157 anni, 9 mesi e 20 giorni di carcere. E’ questa la storica sentenza della Corte d’Appello di Catania sulle persone coinvolte nell’operazione della Polizia di Ragusa dell’aprile del 2014, coordinata dalla dottoressa Valentina Sincero della Procura Distrettuale Antimafia di Catania.
La sentenza della Corte d’Appello riforma quella di primo grado, accogliendo pressoché in toto le tesi accusatorie della Procura. In appello, la sentenza emessa dal Gup di Catania, Santino Mirabella, il 29 giugno dello scorso anno, aveva inflitto condanne per 96 anni e 4 mesi.
L’operazione antidroga prese il nome di “Agnellino” dal momento che con questo termine alcuni degli imputati, che svolgevano attività di pastorizia, indicavano un chilo di droga con il linguaggio in codice tra loro.
I condannati sono:
Firrisi Emanuele, anni 22 e mesi 6
Bellassai Corrado, anni 11 e mesi otto
Boschi Pieruccio, anni 14 e mesi 4
Cangialosi Rita, anni quattordici, mesi 6 e giorni 20
Errigo Giovanni, anni 14, mesi 6 e giorni 20
Ferrante Antonino, anni venti
Firrisi Michele, anni dieci e mesi quattro
Incremona Salvatore, anni dieci e mesi quattro
Lauretta Giuseppe anni nove
Occhipinti Sebastiano, anni otto
Saccone Giuseppe, anni otto
XeKa Sheptim, anni otto, mesi dieci e giorni venti
Xeka Yber, anni tre, mesi dieci e giorni venti
I poliziotti della Squadra Mobile di Ragusa insieme con quelli del Commissariato di Comiso, durante le investigazioni, avevano delineato anche il modus operandi del gruppo. Nello specifico l’organizzazione si riforniva di droga in Albania e poi, disponendo di una vasta rete di rivenditori al dettaglio, la immetteva sul mercato della provincia iblea in piccole dosi.

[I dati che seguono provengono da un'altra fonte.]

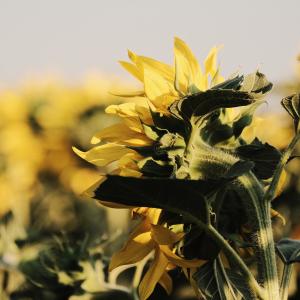 Agricoltura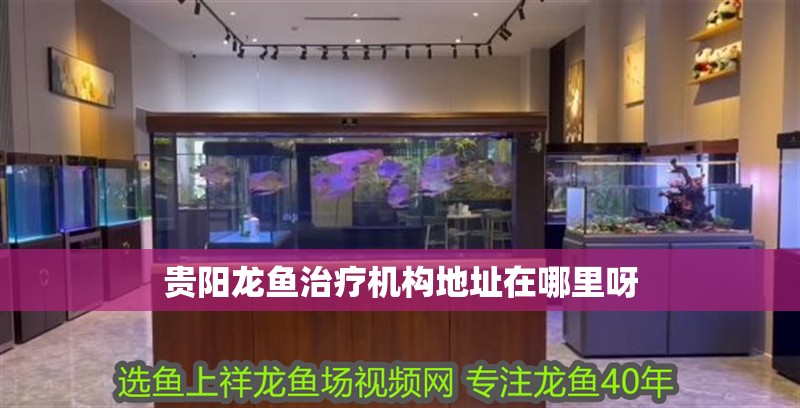 貴陽龍魚治療機構地址在哪里呀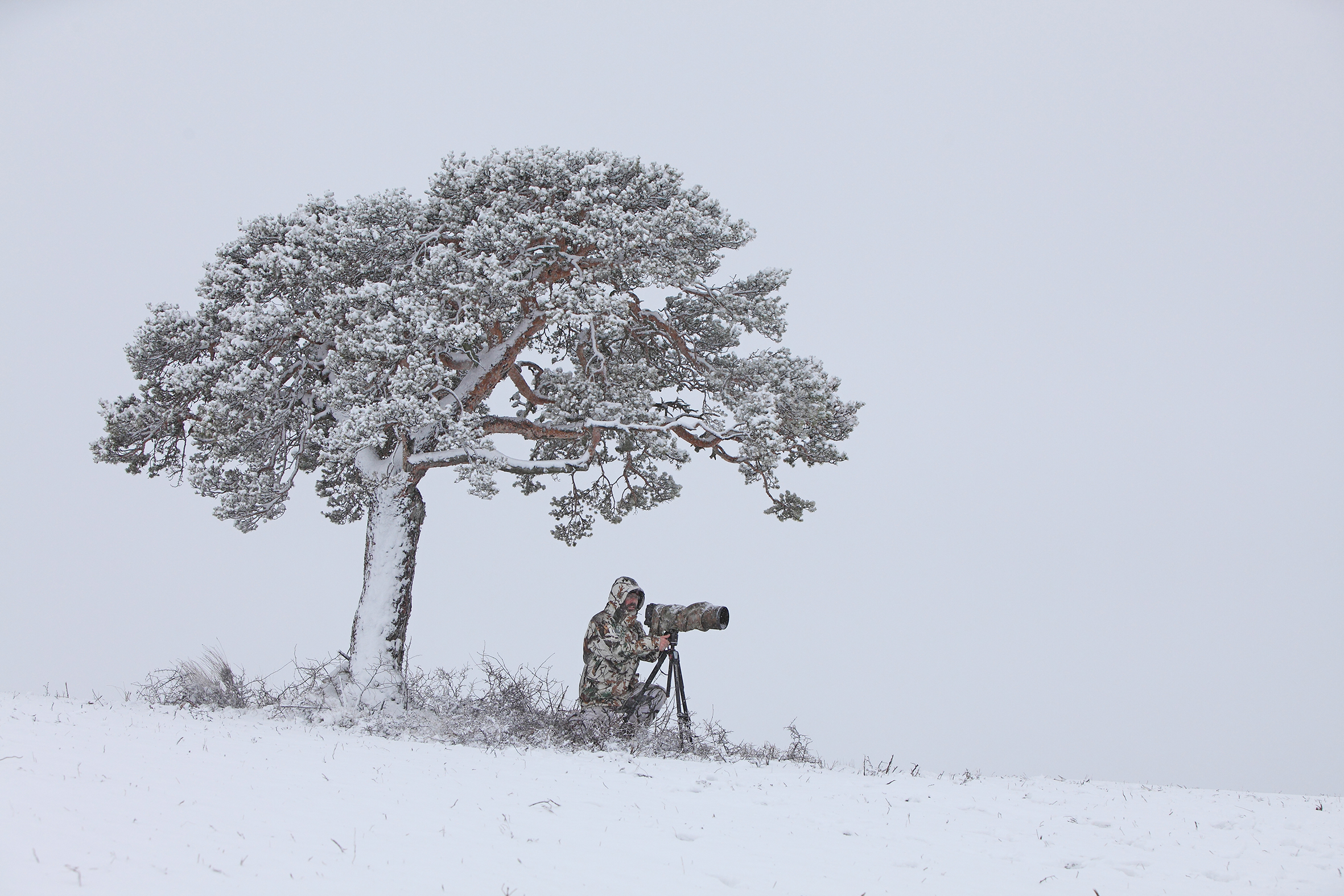 Nicolas Ughetto, photographe animalier sur le Mont Ventoux enneigé
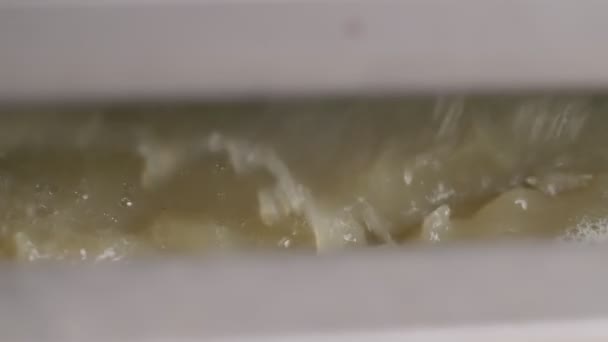 Frisch gepresster Traubensaft fließt aus der Presse. Zeitlupe - Filmmaterial, Video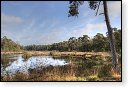 Oisterwijkse Bossen en Vennen Kampina natuurgebied natuur oisterwijk Nationaal park Landschap Het Groene Woud hei heide bossen natuurmonumenten brabant baronie boswachterij dorst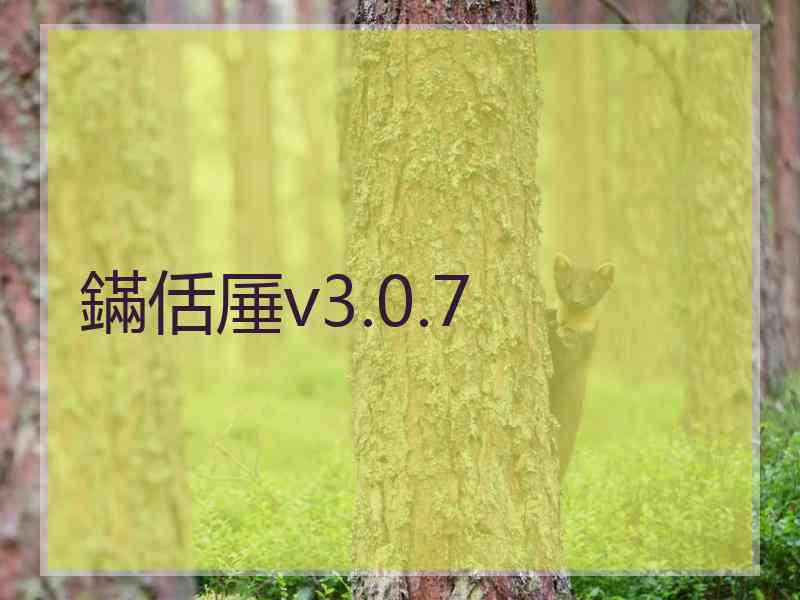 鏋佸厜v3.0.7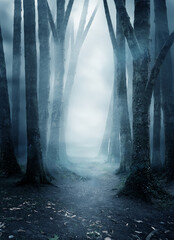 A quite and mysterious forest covered in mist with a pathway running through it. Photo composite.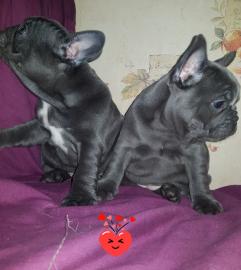 Sch?ne Kc Reg French Bulldog Welpen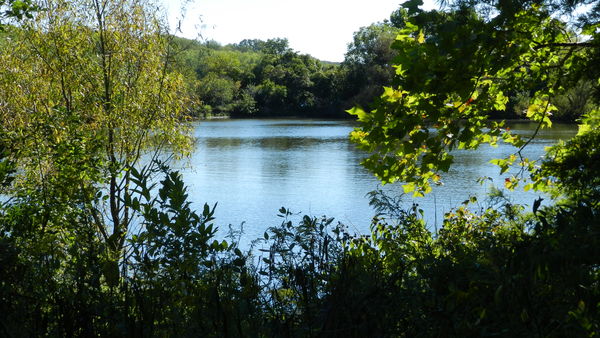 Just a pretty view of the Lake Galena...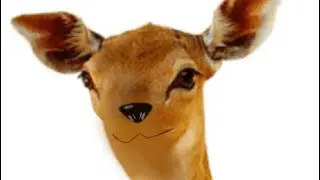 Evolution of a deer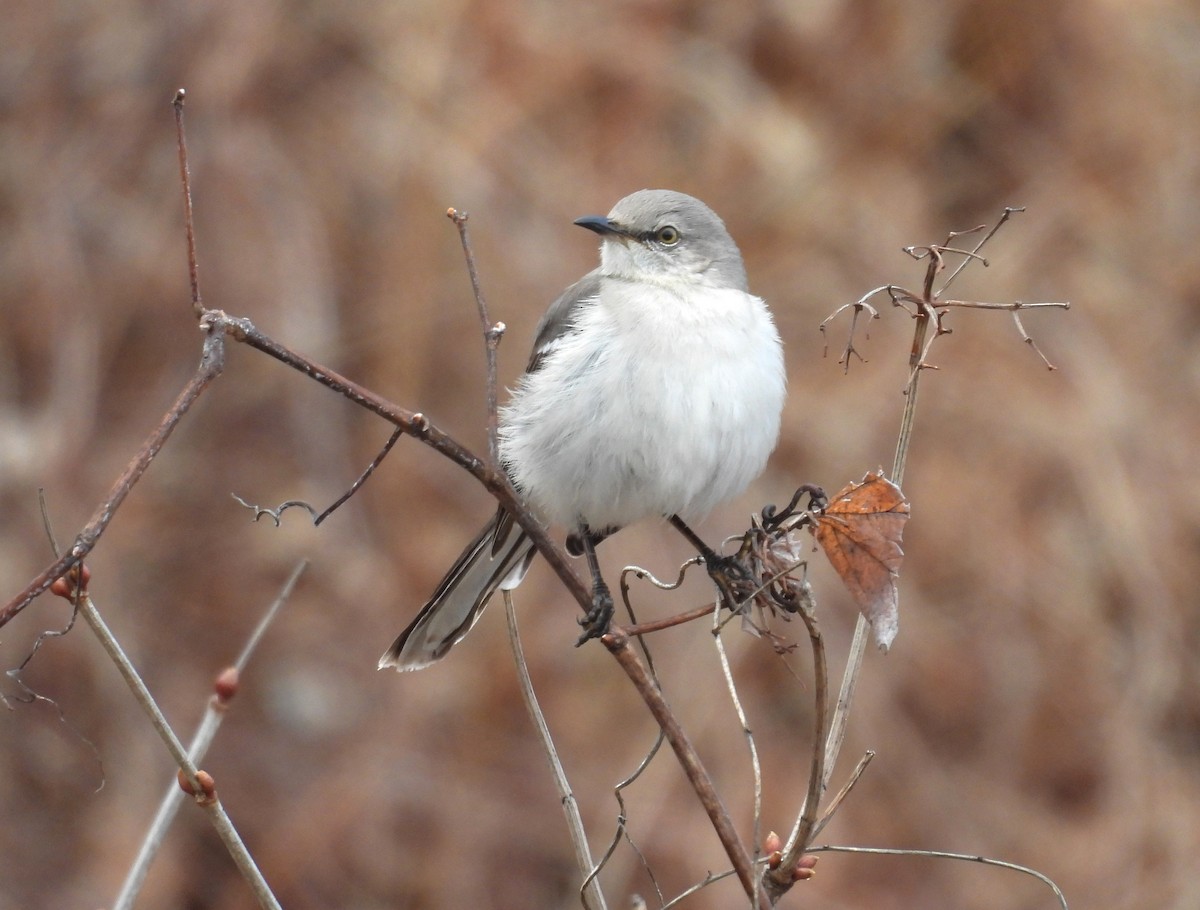 eBird Checklist - 6 Apr 2025 - Mill Park - 11 species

La droga veniva consegna ai “clienti” direttamente presso le loro abitazioni o ritirata a casa di alcuni degli arrestati.
Addette alla consegna erano le due donne che con la scusa di consegnare ai clienti la busta della spesa gli portavano la marijuana.
Inoltre, alcuni membri dell’organizzazione svolgevano l’attività di pastorizia e, per parlare anche con gli altri componenti della banda, utilizzavano espressioni in codice tra cui la parola “agnello” corrispondente ad un chilo di sostanza stupefacente.
Le indagini avevano anche fatto emergere singolari espedienti per superare i controlli della Polizia durante l’importazione di stupefacente: in alcuni casi, le partite di droga venivano nascoste all’interno di auto appositamente danneggiate per trasportarle con carri attrezzi.